Over 80 percent of the Kenyan population derives their source of living from agriculture either directly or indirectly.
The food grown by small and large scale farmers ends up in stores of groceries in towns thereby creating a means of income for those off-farms.
Information is very important to farmers, said Liu, adding the outreach programme which since its inception has reached out to more than 400 farmers and agricultural extension officers across five counties.
“Farmers may be aware of a new farming technology or even gained access to it but how to use it comes in as a major challenge,” said Liu.
The horticultural expert said their efforts of extending agricultural services has yielded fruits as many farmers have managed to boost their harvests by efficiently adopting high return farming systems particularly greenhouses and following best crop management practices.

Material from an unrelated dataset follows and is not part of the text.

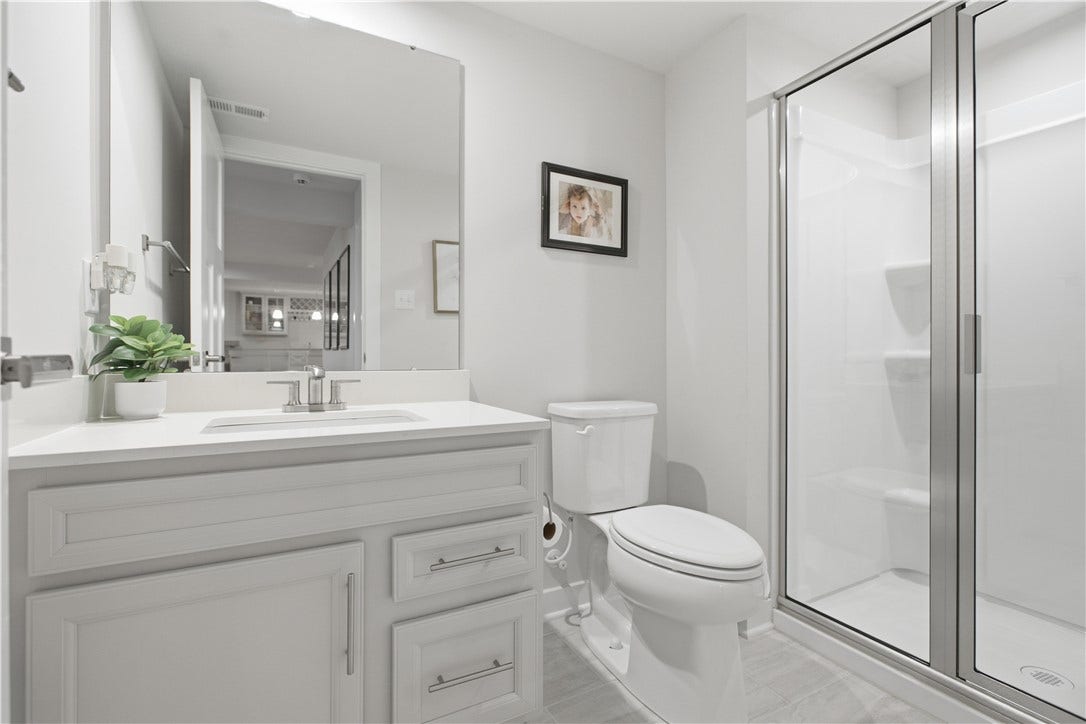 The finished lower level is complemented by a full bath featuring a stylish vanity, premium finishes, durable flooring, and a spacious walk-in showerideal for guests or extended entertaining.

Liu said they conduct the outreach programme together with Kenyan crop scientists and a backup of fellow experts from Nanjing Agricultural University.

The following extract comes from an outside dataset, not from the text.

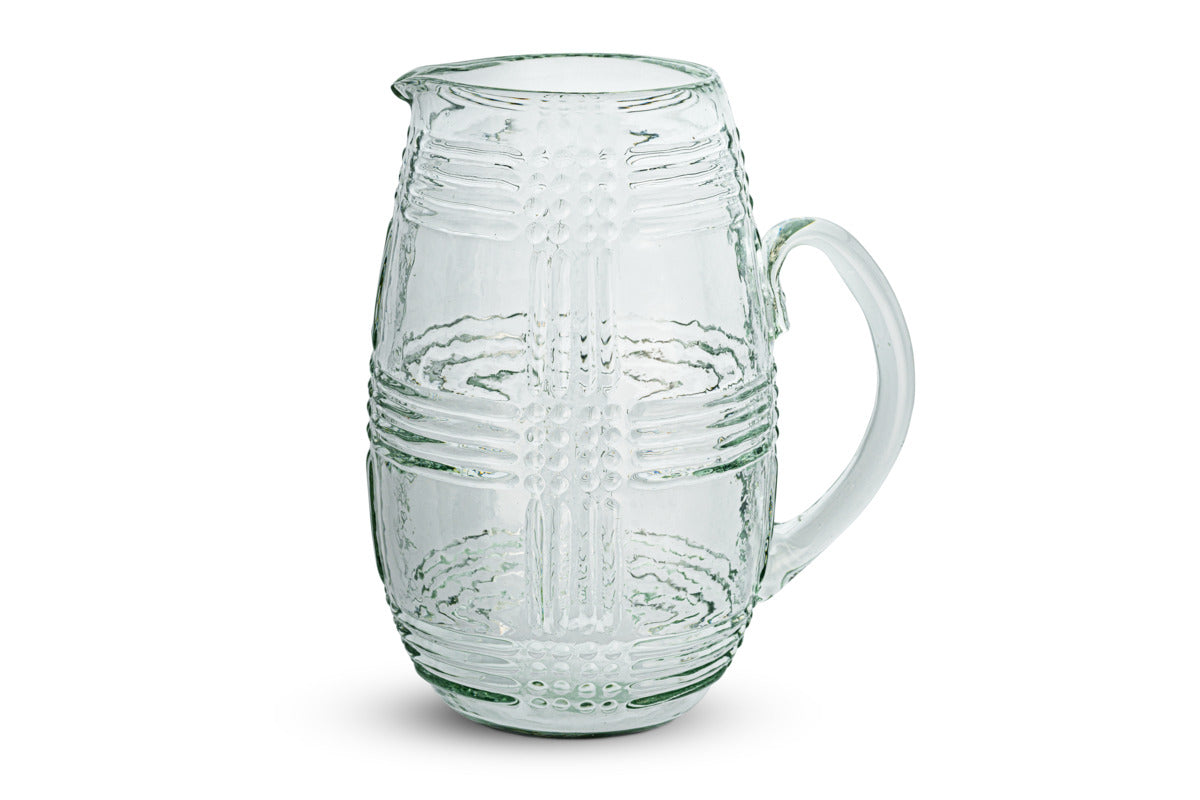 The nkuku Kaanch Jug – Clear features a wide-bodied design with a sturdy handle and is crafted from clear glass. Its body showcases an embossed check pattern composed of raised dots and lines, while a small spout adds to its functional charm. The jug is displayed on a plain white background.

This collaboration between the two universities has also yielded to establishment of a crop molecular laboratory at Egerton, launched in 2015.

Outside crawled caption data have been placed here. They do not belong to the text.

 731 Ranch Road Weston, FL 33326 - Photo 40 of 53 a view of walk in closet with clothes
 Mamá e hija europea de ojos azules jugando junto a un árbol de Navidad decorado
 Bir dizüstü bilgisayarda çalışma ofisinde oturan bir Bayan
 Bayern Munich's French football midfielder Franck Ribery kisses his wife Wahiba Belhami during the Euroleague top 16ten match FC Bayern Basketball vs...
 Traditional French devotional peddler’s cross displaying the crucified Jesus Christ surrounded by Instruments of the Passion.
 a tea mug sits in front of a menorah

The lab is aiding in carrying out research on crop varieties and pests in addition to instructing students who are then interned with farmers and as a result transfer the knowledge to the key targets of the research activities, said Morwani Gesimba, chairperson of Egerton University’s Department of Crop, Horticulture and Soils.
“We have a cutting edge lab, the best in the region; which we are using to train students who upon graduation go into working in the public and private sector,” he said.
Through collaborative research, Gesimba said they have developed new technologies such as mushroom production and high return greenhouses.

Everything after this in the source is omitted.